WORK REQUEST:
Copy out the data below from the line containing "A first responder" to the line containing "A woman measures", both lines included, with all images left out.

Brief descriptive captions:
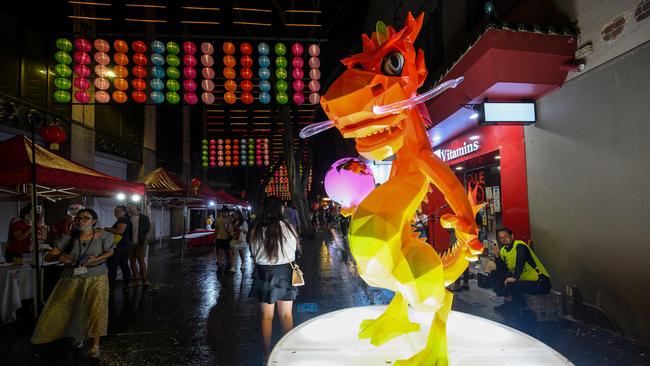 People enjoy Lunar New Year celebrations in Harbour City, Sydney on Friday. Picture: AFP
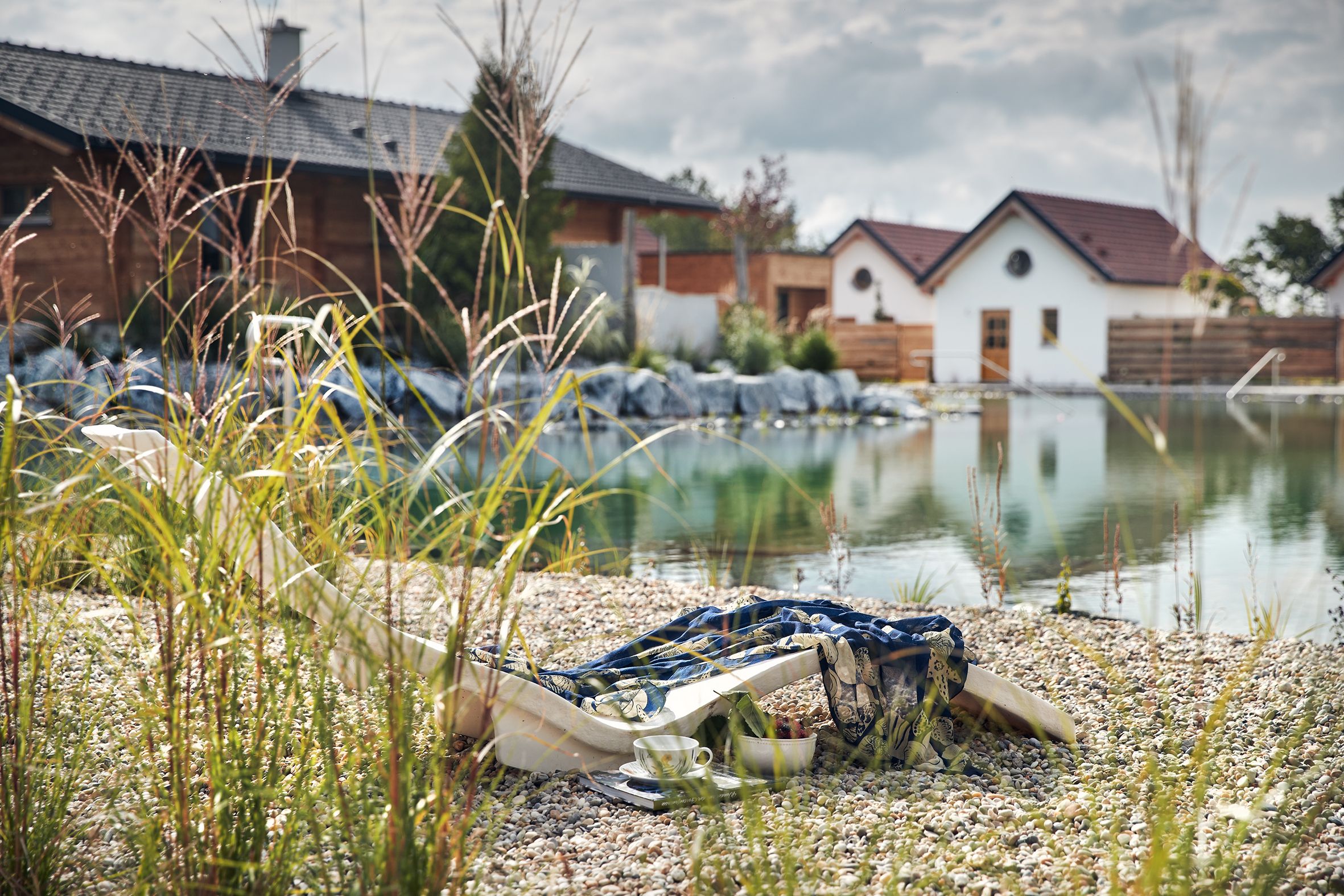 Luftaufnahme von Chalets am Gartensee mit Steg und Liegestuhl.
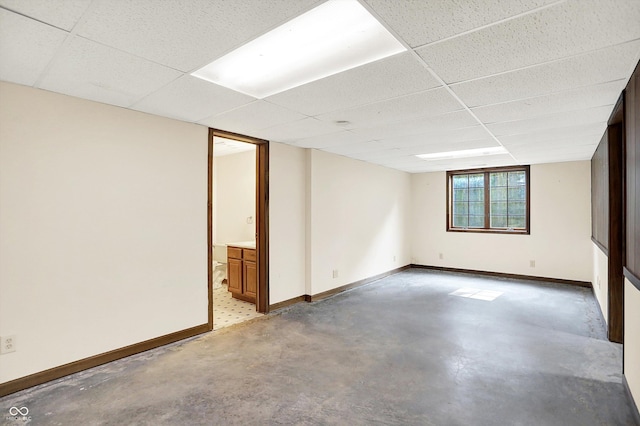 8619 Wrangler Ct, Indianapolis, IN 46217 - spare room featuring concrete floors, baseboards, and a drop ceiling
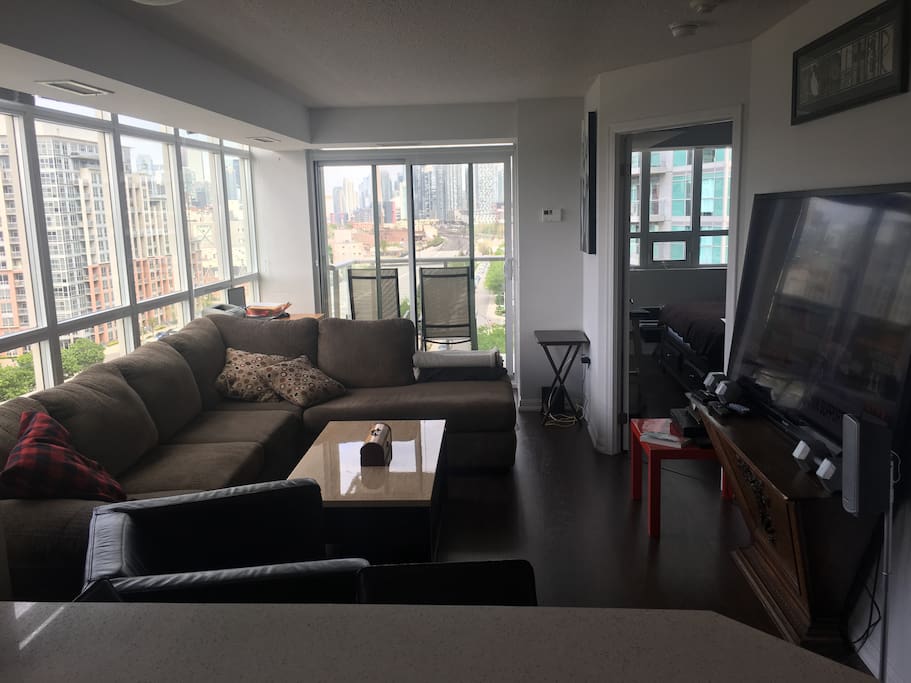 Large living area with sectional couch and 72 inch tv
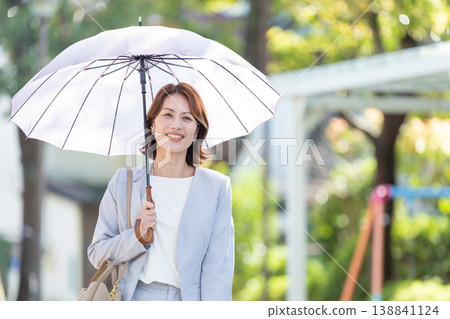 Business woman pointing a parasol 138841124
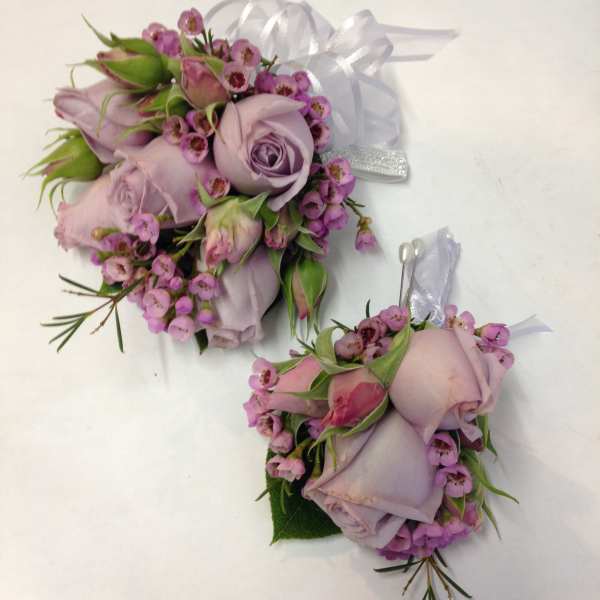 Two lavender rose corsages with pink filler flowers and white ribbon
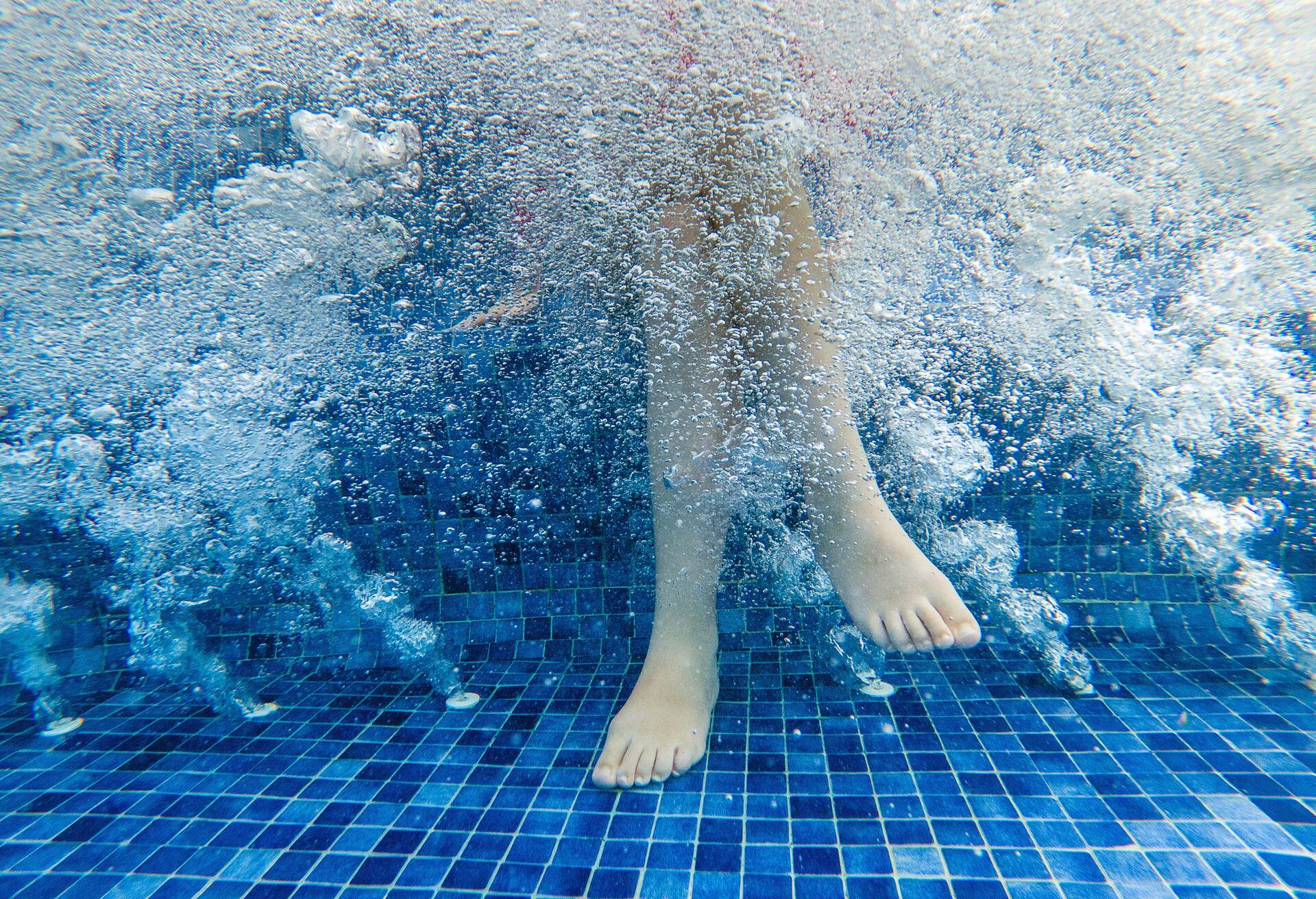 Teenager girl relaxing at SPA. Cross legs near air flow underwater bubbles.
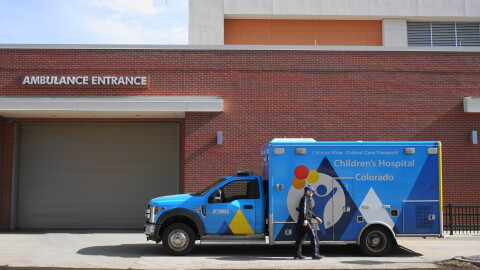 A first responder walks in front of a blue ambulance that's parked outside of a hospital emergency room.
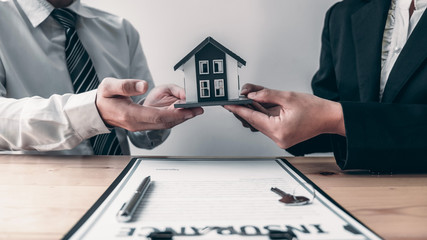 Agent is advising clients about home insurance contract agreements with house model in the office.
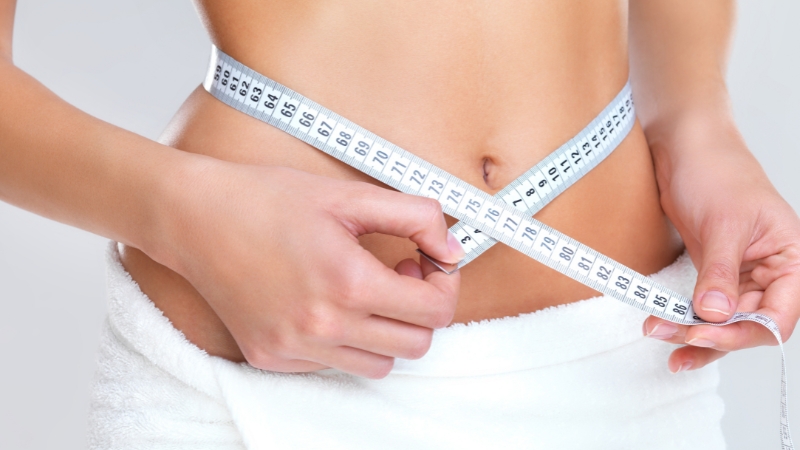 A woman measures her waist with a tape measure, illustrating the concept of ideal weight for women in their 30s
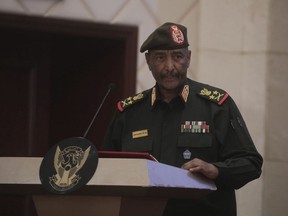 Sudan's Army chief Gen. Abdel-Fattah Burhan speaks following the signature of an initial deal aimed at ending a deep crisis caused by last year's military coup, in Khartoum, Sudan, Monday, Dec. 5, 2022. Sudan's coup leaders and the main pro-democracy group have signed a deal to establish a civilian-led transitional government following the military takeover last year. But key players refused to participate, and no deadline was set for the transition to begin.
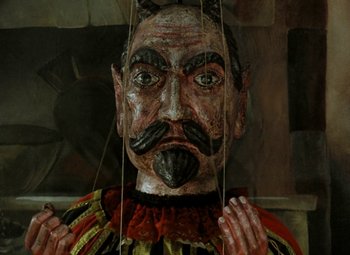 Movie still from “Faust” (1994), directed by Jan Svankmajer – The face of a wooden puppet; Extreme Close Up shot, Overhead angle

RESPONSE TO THIS EXERCISE:
 A first responder walks in front of a blue ambulance that's parked outside of a hospital emergency room.
 Agent is advising clients about home insurance contract agreements with house model in the office.
 A woman measures her waist with a tape measure, illustrating the concept of ideal weight for women in their 30s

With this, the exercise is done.